So it's the end of the month already and we are now into March and the prelude to spring. All things considered it's been a pretty good start to the year with plenty of reasonable birds and good sized floods to keep the interest ticking over. This all culminated a couple of weekends ago in real Meadow Mega and what may well be the first for the Patch itself. The bird in question was a Black Redstart which was reported up in Wolvercote on Sunday 21st. The location, in a garden next to a horse paddock, was rather unlikely as these birds normally like tall buildings on which to loiter. Still the report turned out to be accurate and after a bit of searching (and thankfully bumping into the people who originally found it) it was refound feeding at the back of a house, hopping on and off the fence posts.
|Black Redstart courtesy of Matthew Lloyd|
We did put this species on the patch list a couple of years ago thanks to a bird that was seen on the Green College observatory building. The truth is that this is a bit of a stretch of the patch boundaries and it should really be in the Oxford city patch list (where there have been quite a few over the years). So this is the first genuine record that could reasonably be said to be within the Port Meadow area.
Apart from the Black Redstart, most of the interest has been coming from the gulls. There have been a number of further Caspian Gull sightings over the last couple of weeks and also some more Mediterranean Gulls.
|This gorgeous Mediterranean Gull was seen on the floods the same day as the |
Black Restart was found, making for a great day's birding on the Meadow
In the last week or so there has been a bit of movement on the wader front with some Redshank, Oystercatchers and Dunlin being seen on the floods. There has also been a bit of a pick-up in Golden Plover numbers with a flock of 150 seen this week. There are still good numbers of duck around with Shelduck counts varying between 2 and 6 each day. We still have a few Pintail about though Wigeon and Teal numbers are starting to reduce slightly. Also of note was a male Pochard (a year tick) flying back and forth over the floods a couple of weeks ago.
In the warmer weather that we've been having I have been hearing the first warblings of Blackcaps and singing Chiffchaff. In the Trap Grounds on Sunday there were singing Reed Bunting and squealing Water Rail. The natural world is gearing up for the breeding season.
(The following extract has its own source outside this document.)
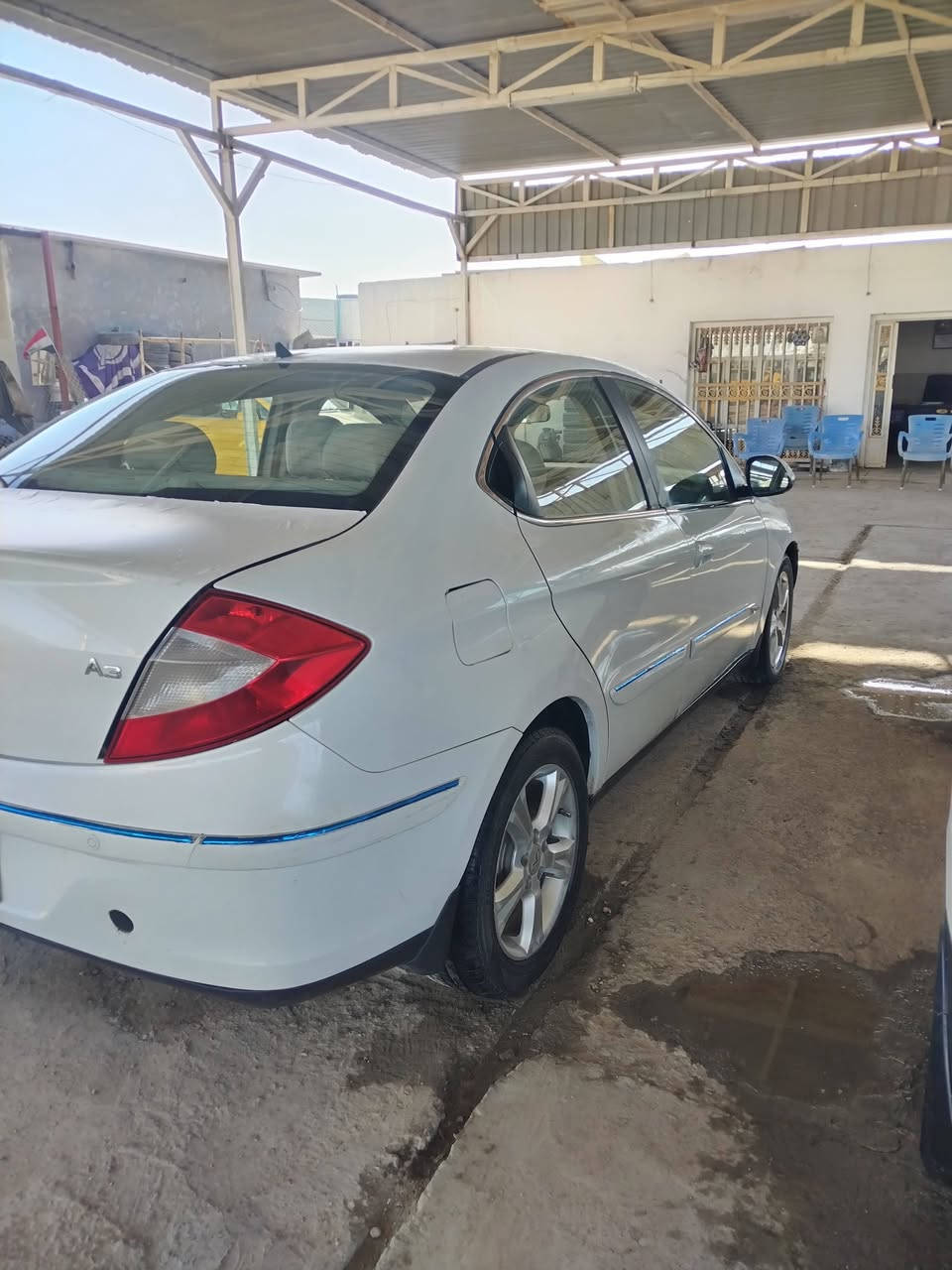 السلام عليكم 
شيري اي ثري 2013 جاهزة مكينة وكير وحدادية وتبريد تخم تاير رقم قادسية سنوية مجددة مكفولة من ضربة وتبديل بيها بس خياسات ملگوطات 45 وبيها مجال قليل ديوانية مركز ***********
So looking ahead, in March we might reasonably hope to get the first Sand Martin sightings and Garganey is another bird that it worth looking out for this month. March is of course the prime spring passage month for Med Gulls so we might reasonably hope for some more of these in what already has been an unusually good year for this species. Talking of gulls, a nice end-of-season white winger would be much appreciated as it's been a few years since we've had either Iceland or Glaucous Gull on the Meadow.